Начав с силлабо-тонического стиха, Аюшеев состоялся как верлибрист, но в его верлибре может вдруг попасться рифма-другая, чаще ассонансная, или ритмичная строчка, а затеянный парафраз ахматовского «я пришла к поэту в гости» вдруг прирастет пятистрочной строфой и лопнет шестистрочной с грамматическими аномалиями и избыточными рефренами: «Жизнь большее и страшнее, / и когда, в глаза осмелясь / посмотреть ей, просыпаюсь, / долго, долго просыпаюсь, / страшно, страшно просыпаюсь, / просыпаюсь – мамы нет». В результате получаются стихи подкупающе-синтетические, вбирающие в себя бурят-монгольскую и серебряновековую традиции, национальное певучее шаманство и постмодернисткую иронию и тоску. В результате получается примерно так: «На пятом этаже большого магазина Номин / в книжном отделе / увидел – Жеймс Жойс. “Дублинчууд”. / Полистал, нашел любимые “Землю” (Шороо) / и “Личины” (Хурамчдуур). / В “Хурамчдуур” мальчик, / за которым гонится разъяренный отец, / кричит “ава, ава!” и обещает помолиться Цаган Дара эхэ / (я помолюсь за тебя… я святую деву попрошу)» и от этих переводов с переводов возникает ощущение донационального языка.

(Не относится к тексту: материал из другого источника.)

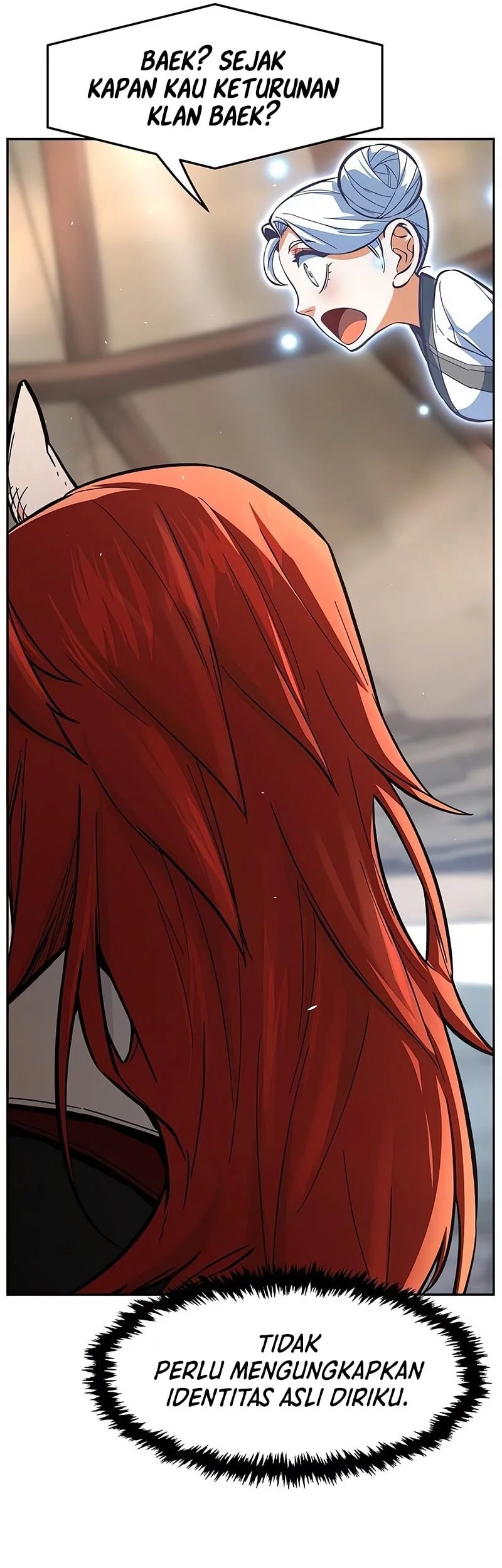 Absolute Sword Sense Chapter 155 page 34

Аюшеев рассказывает истории в стихах (он вообще прекрасный рассказчик). Но всегда эти истории полны фантасмагорическими персонажами и странными событиями, в них выворачивается наизнанку логика реальности, и жизнь, смерть, нищета, успех у читателя становятся фрагментами общего абсурда: под Новый год бомж Нима вылезает из-под люка как из преисподней и «Где-то бомбочки взрываются, / но пушист так снег и соединения его еще так новы, / что по снегу ходить страшно. / Тук-тук – стучит кровь в голове. / “Шапку, – думает Нима, – шапке”».